Even the case of the bot maxing out the number of login attempts, triggering a lock-out challenge or generating suspicious activity causing account lockout can pose a revenue stream for the criminals. Receiving notifications at their back-office once an account is locked out enables the criminals to initiate second and third layers of ATO attacks immediately. Usually, swiftly after the failure of the second layer attacks (e.g., abuse recovery options), the third layer of attacks commence by sending the victim’s account details to a pseudo support center to “alert” the victim of the locked out account. This facilitates “escorting” the victim to give remote access to his or her account, to unlock the account or even to share the details received in an email or SMS to reset their passwords per request, hence resulting in an ATO. As a matter of fact, criminals manage to turn the tables in their favor in spite of the roadblocks they encounter.
Criminal Leveraging of Alert Fatigue
More than half of global corporations are estimated to be neither ready nor prepared to handle a large scale cyber attack, lacking highly skilled cybersecurity staff let alone a cybersecurity lead; ergo, they are creating the circumstances for cybercrime to flourish.
Based on internet traffic, bad bots can be considered the permanent residents of the digital world with just one step away from being official dominant digital citizens. While for detection avoidance, bad bots are developed to stay in stealth mode during credential stuffing attacks by replicating any good red team operation, being empowered with AI automation capabilities equips them with the art of storytelling as has been observed lately in automated breach and attack simulation (BAS) solutions.
With the deception created by storytelling, bad bots’ activity may be perceived as “white noise” and tagged as false positive alerts amongst 50% of the reported alerts, non-priority alert or under scoped incidents from the overwhelming 25K daily events that can last for several days on average, according to SecOps analysts.

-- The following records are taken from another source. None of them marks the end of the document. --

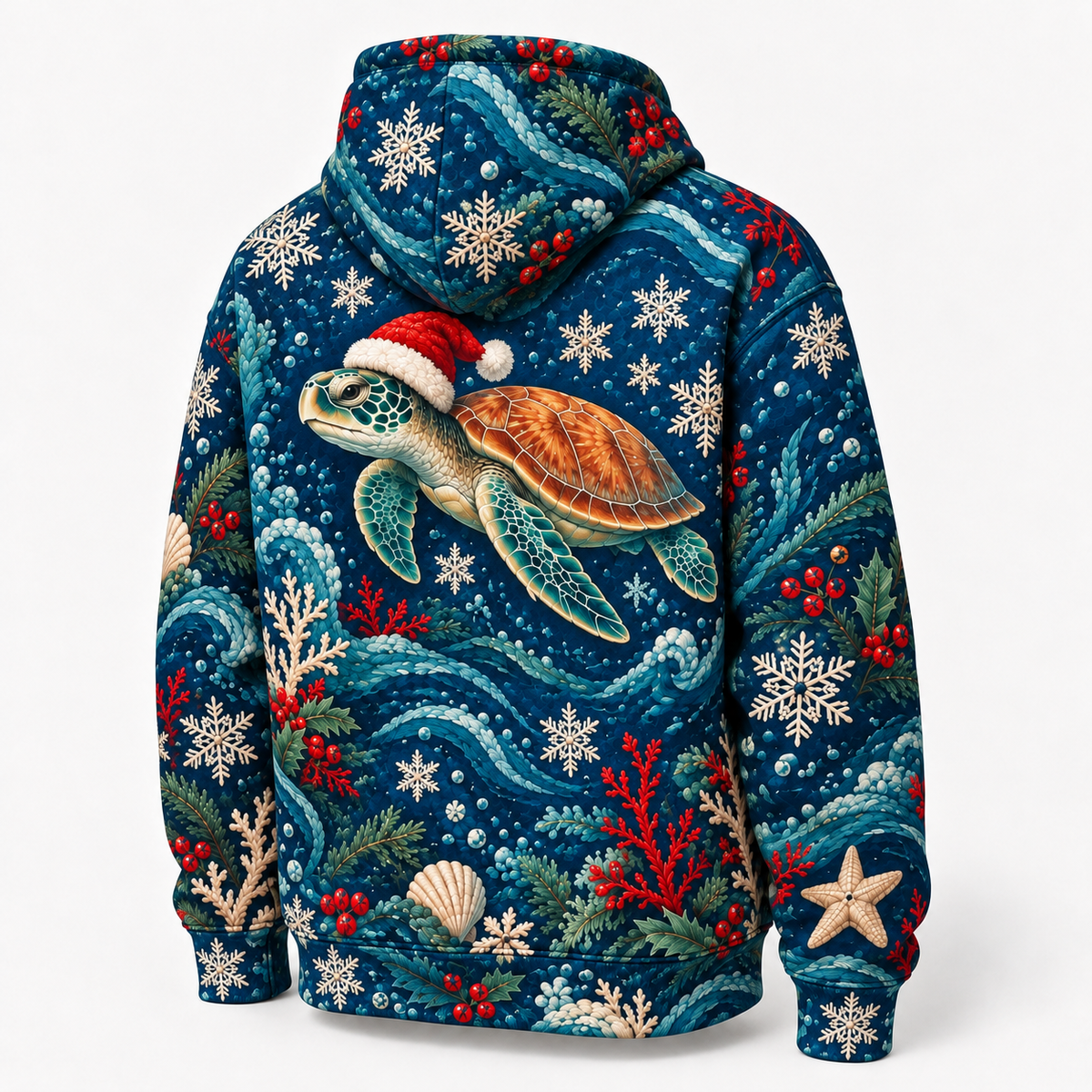 Nordic Honu Night Sea Turtle Hoodie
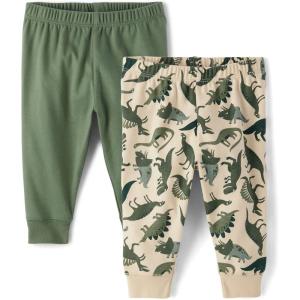 image:imageThe Childrens Place babyboys Cotton PantsDinoGreen 2pack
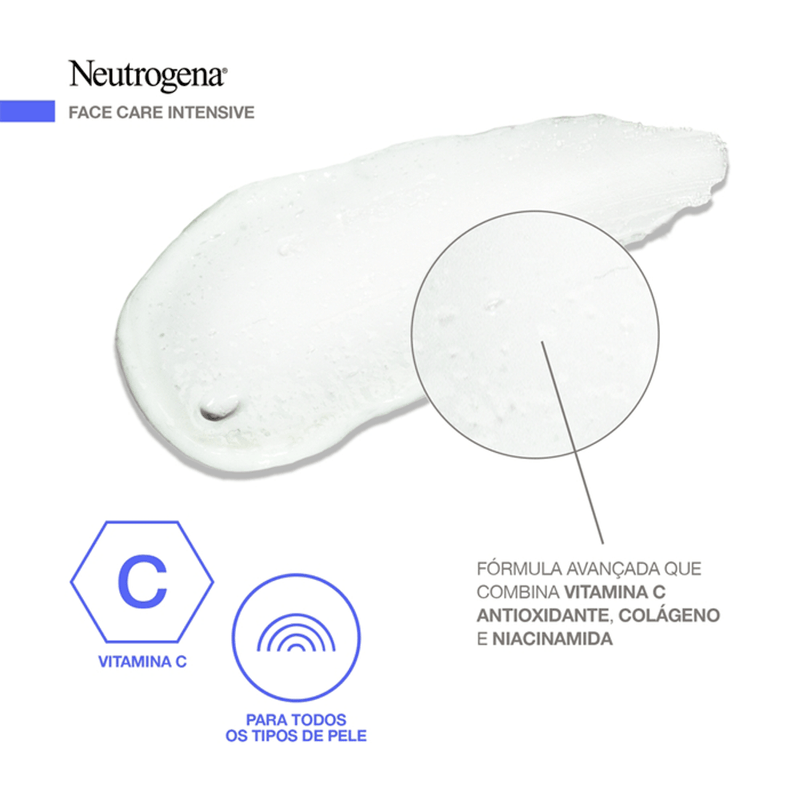 Creme Facial Neutrogena Antissinais Face Care Intensive Oil Free FPS22 100g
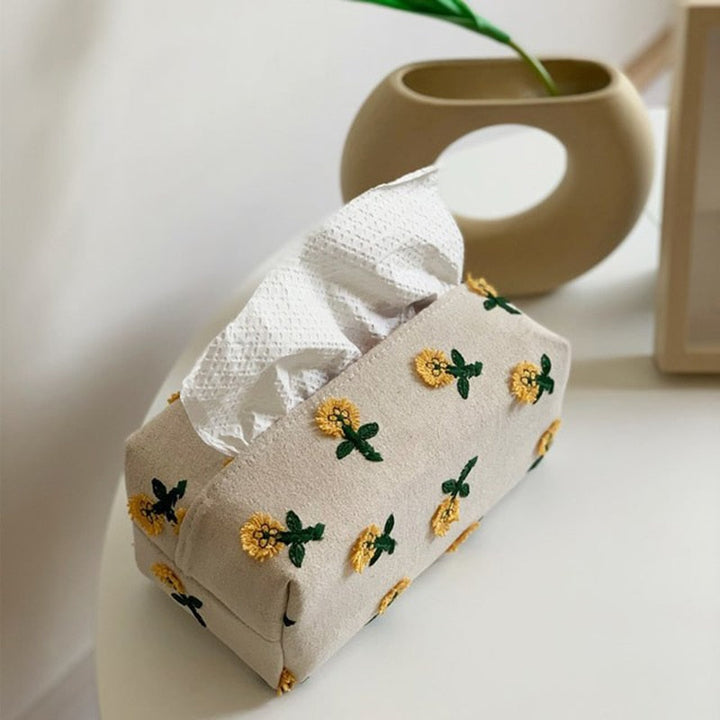 Japanese Style Environment Friendly Flower Tissue Box | Stornfield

Bearing in mind the daily average of 20 alerts each with the duration of 20 mins for analysts to investigate as well as the limited training of 20 hours annually they receive, analysts’ wasting over half of their day looking for problems that are either insignificant or not really problems at all is inevitable. Akin to the domino effect, the waste of resources impairs the KPIs and eventually benefits criminals.
“50,000 Unique IP Addresses Make Credential Stuffing Attempts on Daily Basis” — Auth0
“Using 14 days of data, we observed 21,962,978 login attempts; of those, 33% (7,379,074) represented failed logins.” – Akamai
Cashing In on an ATO
Cunningly mimicking the victims’ footprints and the patterns in their account while avoiding having the security and fraud safeguards invoked in a successful credential stuffing attack, criminals amass critical account information that they can opt to consume in different ways to help achieve ATO.
They could be the sole owner of the account to impede other criminals’ accessibility by changing the victim’s credentials; ergo, locking the victim out of his own account. Nonetheless, by keeping the credentials as is, the criminal may act as the temporary co-owner of the account, while familiarizing himself with the victim via DSR exploits and preparing a reliable pretext for a strike. At the end of the nesting period, in other words, once the account is “mature” enough with proper gathered authorizations and verifications to make high-risk actions from the owner of the account, the criminal exploits this information by increasing the victims’ credit card limits or extending their credit line, taking unsecured loans and making wire transfers and ACH payments. Ironically, the nesting period brings with it the risks of being targeted by rival criminals and losing the ATO all together, along with the time and resources invested.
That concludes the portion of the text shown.